Ist die Tatsache, dass keinerlei Angaben zur Zeitversäumnis gemacht werden oder nicht einmal ein Kreuz an der entsprechenden Stelle des Entschädigungsantrags gesetzt wird, damit zu erklären, dass der Antragsteller einen Verdienstausfall geltend macht, steht dies einer Entschädigung von Zeitversäumnis, wenn keine Entschädigung für Verdienstausfall möglich ist, nicht entgegen. Denn die fehlenden Angaben zur Zeitversäumnis sind dann damit zu erklären, dass der Antragsteller eine (höhere) Entschädigung für Verdienstausfall angestrebt hat. Es kann ihm in einem solchen Fall nicht zum Nachteil gereichen, dass er im Antrag zur Zeitversäumnis keine Angaben gemacht hat (vgl. Beschlüsse des Senats vom 02.07.2012, Az.: L 15 SF 12/12, vom 24.04.2013, Az: L 15 SF 62/13, und vom 06.11.2013, Az.: L 15 SF 191/11 B E).

Dem Antragsteller ist daher für die geltend gemachte und dem Senat plausibel erscheinende Zeit der Abwesenheit von zu Hause von dreieinhalb Stunden, gemäß § 19 Abs. 2 Satz 2 JVEG aufgerundet auf vier Stunden, Entschädigung für Zeitversäumnis von 3,- EUR je Stunde, also insgesamt in Höhe von 12,- EUR zu gewähren.

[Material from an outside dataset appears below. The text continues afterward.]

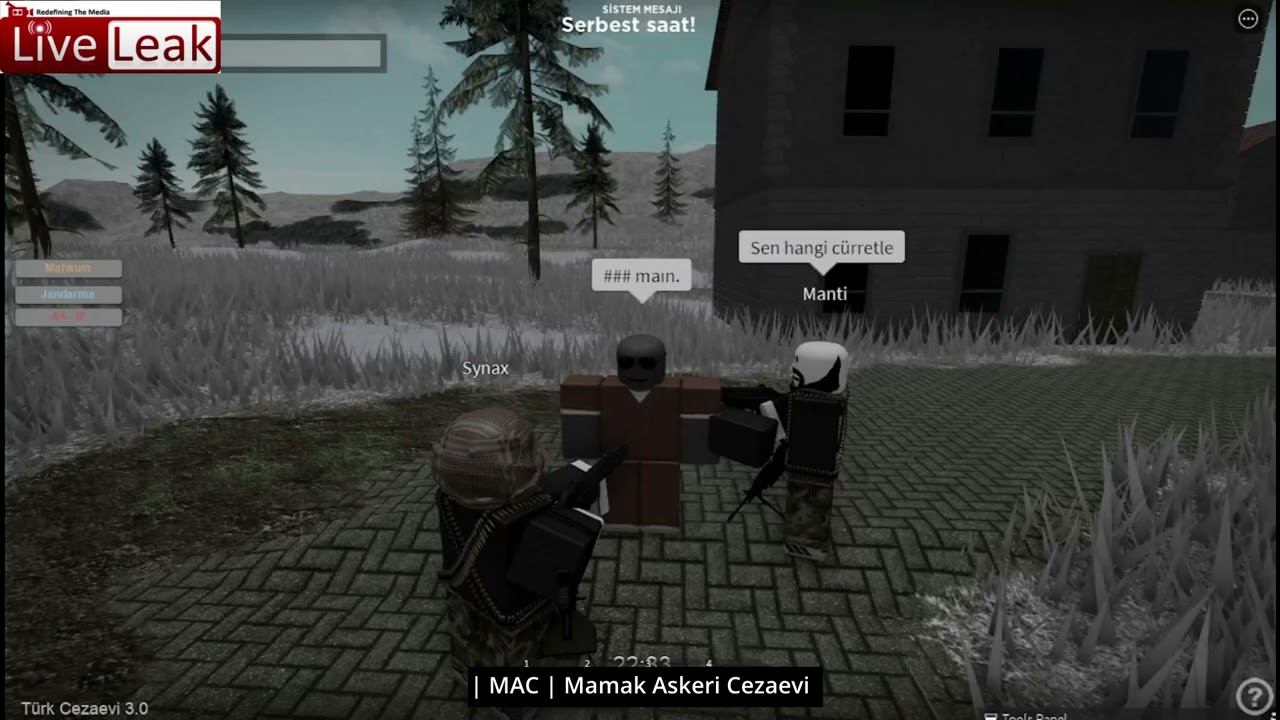 | Roblox | Mamak Cezaevi | İNFAZ RP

Der Antragsteller ist deshalb für die Wahrnehmung des Gerichtstermins am 11.02.2011 mit insgesamt 32,- EUR zu entschädigen

Das Bayer. LSG hat über den Antrag auf richterliche Kostenfestsetzung gemäß § 4 Abs. 7 Satz 1 JVEG als Einzelrichter zu entscheiden gehabt.

Die Entscheidung ist unanfechtbar (§ 4 Abs. 4 Satz 3 JVEG). Sie ergeht kosten- und gebührenfrei (§ 4 Abs. 8 JVEG).